菌の物語
戦国時代と呼ばれる乱世をまとめ、300年近く続く太平の世を築いた徳川家康(1543-1616)は「長命こそ勝ち残りの源である」と語り、その食生活は、生薬に通じ、過食を避け、非常に質素だったといいます。
その家康の健康を支えたことで有名なのが、麦飯と八丁味噌。食物繊維豊富な麦飯と、岡崎名物の八丁味噌は、家康が生涯をかけて愛した食事でした。のちに江戸に本拠を構えてからも、家康は出生地である岡崎で作られた八丁味噌をわざわざ取り寄せ食していたほど。
普通の味噌が、蒸した大豆に米麹や麦麹を入れて作るのに対し、八丁味噌は、米麹や麦麹を用いずに、大豆に麹をつけた「豆麹」を、樽の中で熟成させて作ります。一般的な味噌の熟成期間が3ヶ月から半年なのに対し、八丁味噌は2年以上熟成させて作ります。現在でも、木桶に石積みをして仕込む製法が受け継がれているため、八丁味噌はコクが深く、粘土のような固い仕上がりになるのが特徴です。
最新の研究では長年熟成された味噌から、血圧や血糖値を下げる、腎臓病を抑制する、などの医薬品と同じ25種類の有効成分が見つかっています。さらに、八丁味噌特有の長期熟成から生まれる色の濃さは、褐色色素「メラノイジン」によるものですが、この強力な抗酸化作用を持つメラノイジンには、コレステロール値を下げるだけでなく糖尿病やがんの予防効果、腸内の善玉菌を増やす力もあるのです。八丁味噌には、普通の味噌に比べて約5倍のメラノイジンが含まれています。

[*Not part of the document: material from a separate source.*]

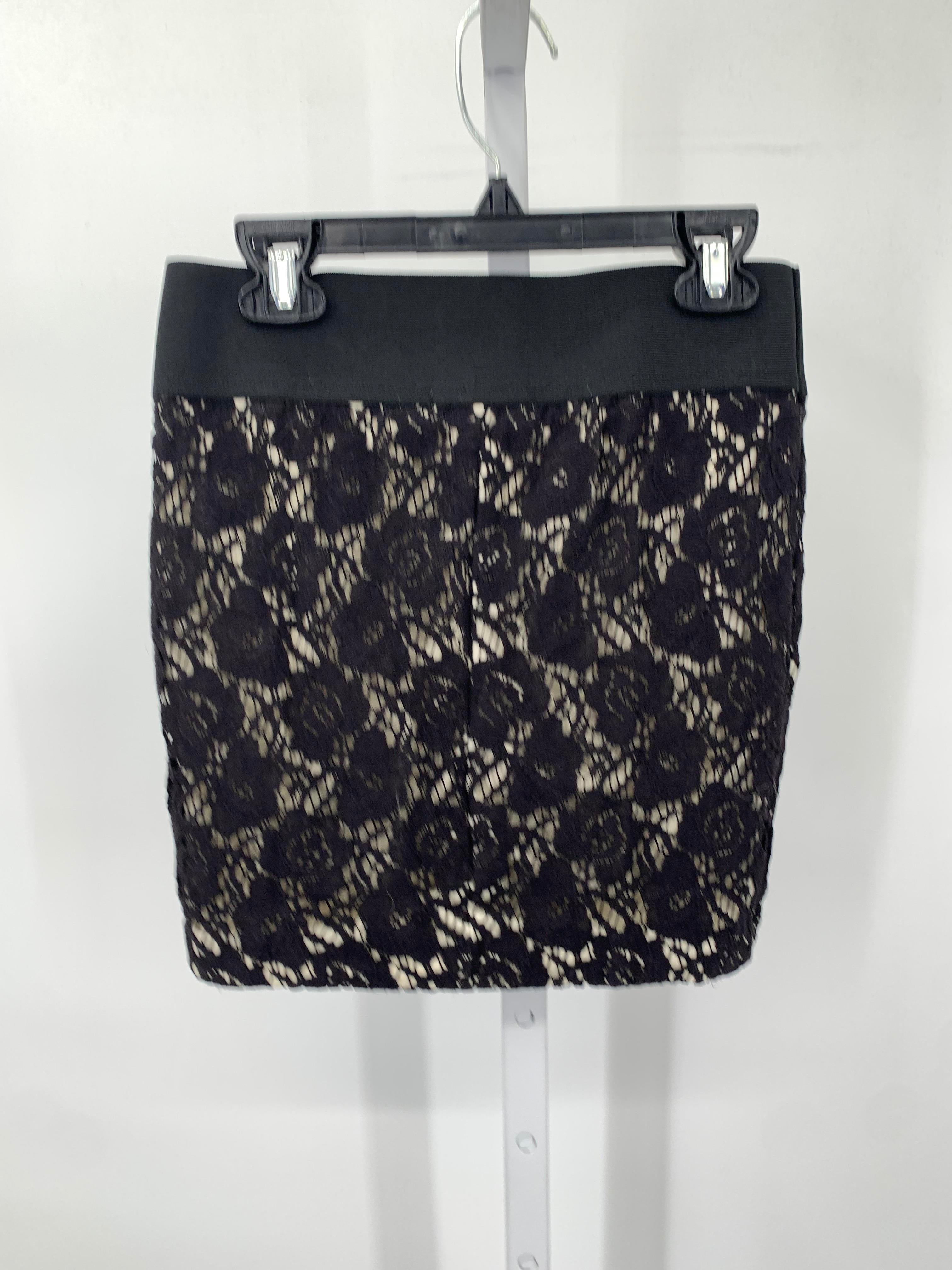 Charlotte Rose Size Small Juniors Skirt
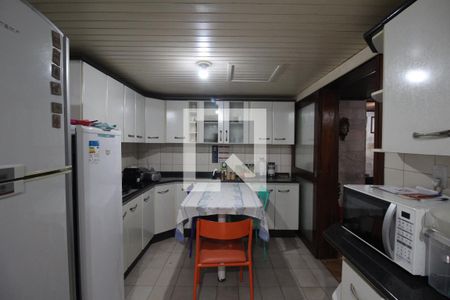Casa à venda com 180m², 5 quartos e 1 vagaCozinha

この慣れ親しんだ八丁味噌を習慣的に食べることによって、「人間50年」という時代に、異例の75歳という寿命を全うした家康。「人の一生は重荷を負うて遠き路をゆくが如し、急ぐべからず」の言葉の通り、その忍耐強さや、稀代の人格を創り上げた根本にも、この八丁味噌が大きく影響していたのかもしれません。